§ About this exercise:
Lift out each line of the data that holds "Color".

START Available data

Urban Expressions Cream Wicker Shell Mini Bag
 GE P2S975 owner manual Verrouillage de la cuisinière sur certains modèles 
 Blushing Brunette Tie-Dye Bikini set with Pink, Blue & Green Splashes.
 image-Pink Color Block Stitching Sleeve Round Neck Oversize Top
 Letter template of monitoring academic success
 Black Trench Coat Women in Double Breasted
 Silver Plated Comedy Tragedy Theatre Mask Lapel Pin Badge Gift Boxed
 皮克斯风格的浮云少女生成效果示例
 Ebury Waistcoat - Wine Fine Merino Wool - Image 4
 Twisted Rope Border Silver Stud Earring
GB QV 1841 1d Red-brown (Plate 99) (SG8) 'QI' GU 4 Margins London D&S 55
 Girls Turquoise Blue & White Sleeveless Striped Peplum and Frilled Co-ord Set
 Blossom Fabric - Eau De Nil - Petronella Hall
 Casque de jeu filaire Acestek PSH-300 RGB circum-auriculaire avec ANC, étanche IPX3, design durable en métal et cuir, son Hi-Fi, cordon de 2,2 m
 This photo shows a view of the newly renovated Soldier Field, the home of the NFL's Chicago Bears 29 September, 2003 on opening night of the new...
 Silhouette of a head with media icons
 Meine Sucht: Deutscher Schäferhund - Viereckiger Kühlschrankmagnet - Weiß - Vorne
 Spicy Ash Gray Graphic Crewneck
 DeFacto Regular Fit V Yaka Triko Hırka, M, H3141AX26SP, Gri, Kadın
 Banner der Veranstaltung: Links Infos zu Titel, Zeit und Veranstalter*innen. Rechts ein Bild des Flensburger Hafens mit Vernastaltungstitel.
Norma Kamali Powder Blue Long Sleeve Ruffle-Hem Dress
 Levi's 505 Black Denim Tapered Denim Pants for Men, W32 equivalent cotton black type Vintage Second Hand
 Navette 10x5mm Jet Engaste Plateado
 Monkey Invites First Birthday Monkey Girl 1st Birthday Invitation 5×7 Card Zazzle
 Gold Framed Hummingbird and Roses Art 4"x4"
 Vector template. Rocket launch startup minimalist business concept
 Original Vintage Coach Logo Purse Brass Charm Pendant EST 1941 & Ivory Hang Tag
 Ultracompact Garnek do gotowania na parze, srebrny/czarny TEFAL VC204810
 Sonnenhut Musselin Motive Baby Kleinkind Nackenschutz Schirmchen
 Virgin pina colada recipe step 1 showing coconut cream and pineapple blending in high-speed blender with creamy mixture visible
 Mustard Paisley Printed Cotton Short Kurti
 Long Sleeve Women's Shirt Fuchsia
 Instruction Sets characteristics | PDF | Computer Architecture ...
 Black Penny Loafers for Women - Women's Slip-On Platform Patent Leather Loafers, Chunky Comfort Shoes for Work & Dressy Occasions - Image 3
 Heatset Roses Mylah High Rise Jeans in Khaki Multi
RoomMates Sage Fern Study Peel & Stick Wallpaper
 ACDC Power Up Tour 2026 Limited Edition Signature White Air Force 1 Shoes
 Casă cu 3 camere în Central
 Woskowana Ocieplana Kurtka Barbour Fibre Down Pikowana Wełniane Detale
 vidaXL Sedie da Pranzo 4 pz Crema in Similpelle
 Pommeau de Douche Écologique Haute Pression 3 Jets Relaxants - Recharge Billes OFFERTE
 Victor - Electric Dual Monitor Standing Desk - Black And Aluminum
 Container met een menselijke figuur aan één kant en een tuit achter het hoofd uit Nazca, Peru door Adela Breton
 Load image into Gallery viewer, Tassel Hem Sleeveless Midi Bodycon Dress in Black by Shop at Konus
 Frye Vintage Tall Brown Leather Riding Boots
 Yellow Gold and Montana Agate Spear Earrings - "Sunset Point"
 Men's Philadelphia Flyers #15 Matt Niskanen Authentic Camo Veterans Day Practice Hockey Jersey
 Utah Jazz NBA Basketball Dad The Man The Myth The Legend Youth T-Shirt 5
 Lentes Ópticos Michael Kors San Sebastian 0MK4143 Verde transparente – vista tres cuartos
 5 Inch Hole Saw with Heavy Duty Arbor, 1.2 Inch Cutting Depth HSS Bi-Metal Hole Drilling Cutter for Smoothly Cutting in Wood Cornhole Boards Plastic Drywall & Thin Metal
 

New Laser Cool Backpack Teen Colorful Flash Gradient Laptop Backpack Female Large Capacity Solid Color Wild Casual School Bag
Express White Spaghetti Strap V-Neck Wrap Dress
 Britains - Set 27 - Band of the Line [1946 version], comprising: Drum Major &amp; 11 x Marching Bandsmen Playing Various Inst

END Available data

§ Result:
 image-Pink Color Block Stitching Sleeve Round Neck Oversize Top
New Laser Cool Backpack Teen Colorful Flash Gradient Laptop Backpack Female Large Capacity Solid Color Wild Casual School Bag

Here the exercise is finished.